Passado duas semanas, voltei à cidade de
Ana Laura. Cheguei à noitinha. Não disse nada a ninguém. Não iria ficar sem
ela. Era a mulher da minha vida. Iria propor fugir naquela noite mesmo comigo.
Ela iria decidir. Se não iria ficar ali junto a ela e morrer. Minha vida não
tinha mais sentido sem ela. Tentando me desviar das pessoas e não ser visto,
cheguei e bati a porta. Se o atirador estivesse lá que seja. Não me importava
mais. Ela abriu a porta e entrei. Falei o que tinha de falar. Nos abraços,
beijamos e ela fez as malas. Pequena, pouca coisa. Saímos sorrateiramente.
Eu tinha poucas economias. Ela tinha
algum. Pegamos o trem noturno para a capital. A levei a casa dos meus pais.
Cinco dias depois partimos para o interior de Minas. Ela já havia me contado
tudo. Era casada com o capitão Levegildo. Intitulavam-se “Polícia de captura’”.
Era um valente militar que passava dias e dias a procura de bandidos em
diversas cidades. Ela não gostava dele. Sabia que não teríamos paz em lugar
nenhum. Ele iria nos procurar em todos os lugares. Tinha amigos poderosos.
Durante seis meses ficamos escondidos
perto de Guajará Mirim. Uma casinha pequena de pau-a-pique. Trabalhava em uma
fazenda de café. Aceitaram-me como auxiliar de escrita. Salário pequeno. Dava
para as despesas. Vivi com Ana Laura os mais belos dias de minha vida. Contava
as horas e minutos que voltaria para casa. Ela me recebia como um príncipe.
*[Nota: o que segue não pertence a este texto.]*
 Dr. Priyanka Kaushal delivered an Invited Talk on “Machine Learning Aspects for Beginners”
Casa humilde. Caixotes servindo de cadeira. Fogão a lenha. Luz de lamparina,
uma esteira como cama de casal.
Uma manhã vi diversos cavalos na venda do
Zé das Quantas. Sabia quem eram. Corri em casa, juntei alguns trapos e sai com
Ana Laura correndo em sentido contrário à estrada de chegada. Andamos a pé
quase a noite toda. Cedinho chegamos a Tarumim, e lá pegamos um ônibus para
Visconde de Avelar. Ficamos uns dias na pensão da dona Matilde. No quinto dia
vi que não iria conseguir nenhum emprego naquela cidade. Andava de volta a
pensão quando um tiro ecoou. Olhei e lá estava o filho da puta do capitão a rir
e atirar em mim.
Escondi-me nuns espinheiros próximo ao rio
Peroba. Já noite alta fui como um fantasma até a pensão. Ana Laura estava lá,
sentada na sala, e ao seu lado o capitão Levegildo. Entrei por uma janela e ele
não me viu. Por trás peguei uma cadeira e soquei com força em sua cabeça. Caiu
desmaiado ou morto não sei. Eu e Ana Laura juntamos nossos trapos e partimos de
novo a pé como sempre. Não havia ônibus àquela hora.
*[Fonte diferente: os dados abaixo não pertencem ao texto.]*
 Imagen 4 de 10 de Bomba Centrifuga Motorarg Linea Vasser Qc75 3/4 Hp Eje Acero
Resolvemos sair do Estado de Minas. Fomos
em direção à Bahia. Em Feira de Santana trabalhei uma semana na construção de
um Grupo Escolar. Logo que recebi botamos o pé na estrada. Desta vez fomos
direto a Salvador. Pretendíamos ver um navio qualquer para nos levar para
longe. Difícil muito difícil. O dinheiro era escasso. Minha única alegria era
estar ao lado de Ana Laura. Ela estava enfrentando tudo com uma força que me
fazia orgulhar da mulher que eu amava loucamente.
Uma tarde chuvosa ela me comunicou que
estava grávida. Bendito seja Deus! Eu ria, mas rir porque? Será que aquele
menino ou menina teria futuro? Não sei só o tempo sabe a resposta. De novo um
tiro, de novo senti a picada desta vez nas navegas. Maldito capitão. Maldito.
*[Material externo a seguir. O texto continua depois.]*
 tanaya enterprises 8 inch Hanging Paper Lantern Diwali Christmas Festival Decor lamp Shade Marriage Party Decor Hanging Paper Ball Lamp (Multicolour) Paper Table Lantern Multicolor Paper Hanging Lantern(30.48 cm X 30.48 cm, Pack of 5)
Não nos dava trégua. Onde fossemos ele estava atrás. Como ele estava à paisana
foi preso por dois militares que estavam próximos. Deu tempo para fugir. Mas a
bala ficou alojada em um lado das minhas nádegas. Sangrava bastante e Ana Laura
fez compressas durante as paradas de ônibus. Desta vez nos dirigimos a São
Paulo. A maior cidade do pais. Seria difícil sermos encontrados.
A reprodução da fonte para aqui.